PLASTIC PEOPLE…OH BABY HOW YOUR SUCH A DRAG! (FRANK ZAPPA-R.I.P)
KEEPING IT AS REAL AS RAIN ON A SUNNY DAY!
NIGEL S. CLAYTON—-A NEGRO WHO SPINS CLASSICS 1949 TO 2000and?….ALL VINYL FOR ALL PEOPLE

damm it a lot of insecure haters on here LOL! these old azz DJ’s still using only turntables is like Old farts still using checks instead of a debit card LMAO! Upgrade ya self it is the new world if you don’t like dig a hole a lay in it.

Good point. But..

what if you have already know how to mix vinyl & cdjs? and still choose to spin digital

I love the flexibility of looping and being able to search and get the track I want in an instant & browse around.. also I’m able to mix faster without running whole tracks, mixing just at the last 20 seconds of every song like MOST “true” djs I see in my town.

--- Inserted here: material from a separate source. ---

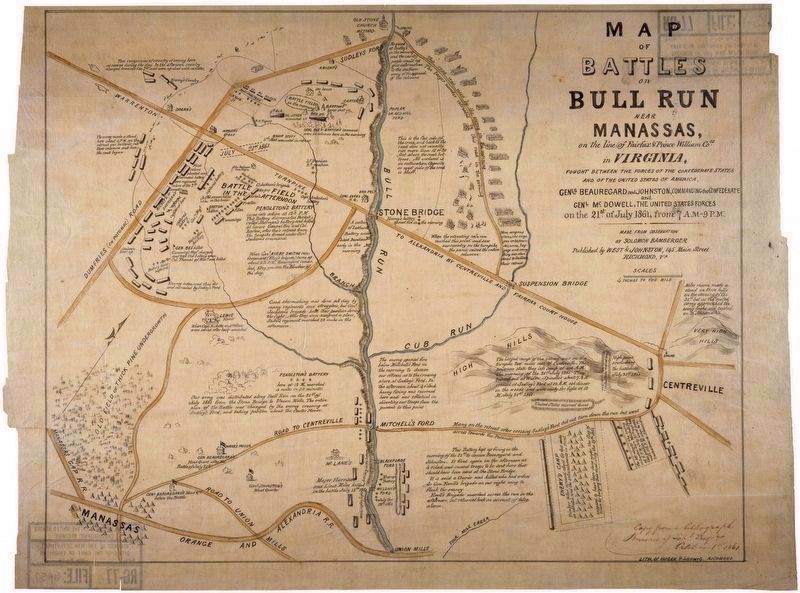 Map of the Battles of Bull Run Near Manassas image. Click for full size.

By the way, I do agree that picture is truly pathetic. I mean, come on.. there’s a difference between mixing and just pushing play on a computer & acting stupid.

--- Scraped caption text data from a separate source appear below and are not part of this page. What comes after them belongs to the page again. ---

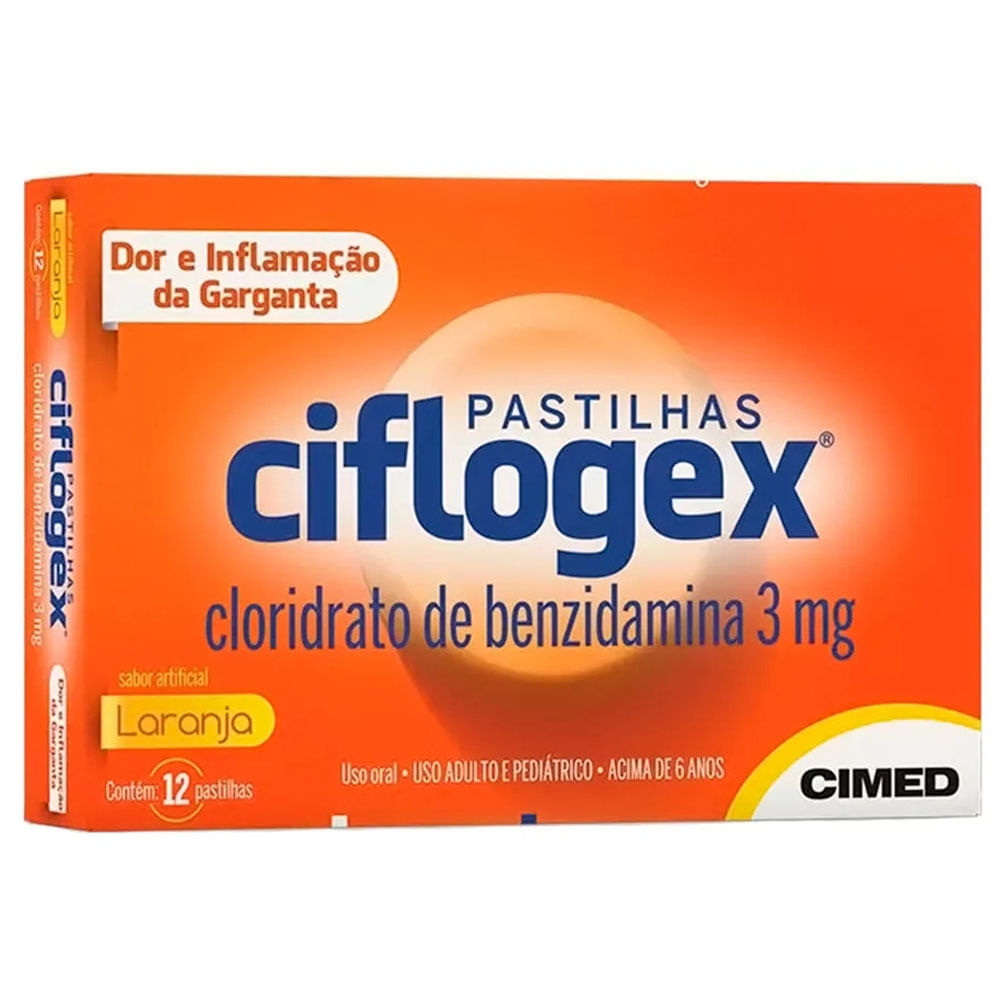 Ciflogex 3MG Pastilha Sabor Laranja - Caixa com 12 Pastilhas - Imagem 1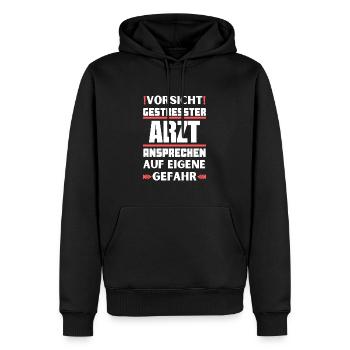 Don't talk to a stressed doctor! - Men’s Premium Organic Hoodie - black - Front - Nico (187cm)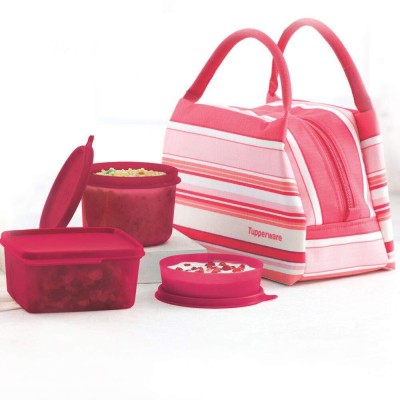 TUPPERWARE Tupin Plastic Spring Surprise Lunch Set 3 Containers Lunch Box(700 ml)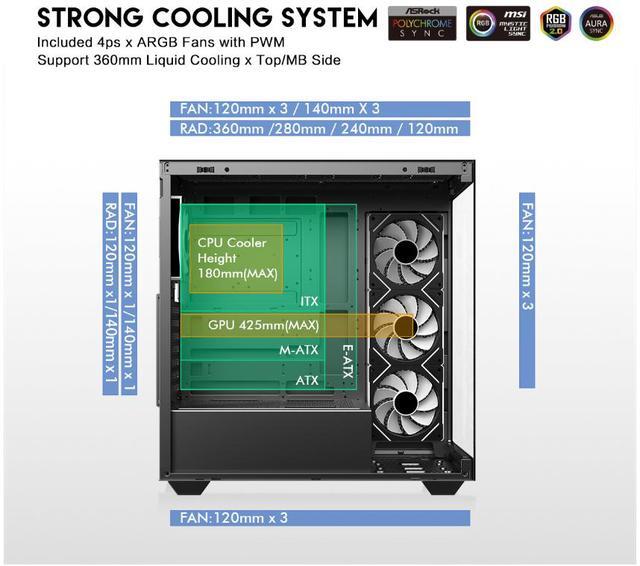 Alt view image 5 of 12 - DIYPC ARGB-N6-BK Black Dual USB3.0/ 1 xType C Tempered Glass ATX Gaming Computer Case w/ Dual Tempered Glass Panel and 4 x ARGB PWM Fans (Pre-Installed). Support  BTF Back Plug MB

Wow, I never thought I’d really get much traction on this blog. This issue is certainly divisive, some people love ableton/traktor/serato, etc. and some people hate it…fair enough. There’s a lot of good input here, even with the haters 😉

Not every DJ is going to garner respect from every person, deserved or not. Even great DJs get shit from time to time, it happens. 95% of people who go to parties don’t give a shit if the DJ knows his shit, they just want to dance and have a good time. They don’t even notice trainwrecks (seriously, try it out, trainwreck on purpose…it’s incredible how people don’t even think twice). Technical proficiencies aside, if you’re going to get in front of a crowd to rock a party, then goddamn it, bring the heat and make me dance.

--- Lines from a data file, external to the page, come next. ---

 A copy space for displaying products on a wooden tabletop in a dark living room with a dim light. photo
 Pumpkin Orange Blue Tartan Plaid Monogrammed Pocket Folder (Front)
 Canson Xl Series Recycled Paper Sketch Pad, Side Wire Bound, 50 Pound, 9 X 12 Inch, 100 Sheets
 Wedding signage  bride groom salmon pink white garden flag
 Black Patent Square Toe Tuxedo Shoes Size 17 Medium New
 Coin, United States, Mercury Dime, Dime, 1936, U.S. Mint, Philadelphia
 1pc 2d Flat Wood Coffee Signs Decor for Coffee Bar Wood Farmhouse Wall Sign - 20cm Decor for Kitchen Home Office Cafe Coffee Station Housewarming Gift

ps. how the hell did all of you find this blog post? 🙂

Hey Nigel – I feel your pain bro – I own in Excess of 10,000 pieces of Vinyl all of which are now happily collecting dust in my garage – So I embraced the tech and moved on to get work…I would suggest you rip your crate of rare vinyl to MP3’s and start using Ableton and an Akai APC 40. You sound like a man of age dude….save your back the grief…

oh and Dustin – type ableton hater into Google and see what page ranks 1st….=]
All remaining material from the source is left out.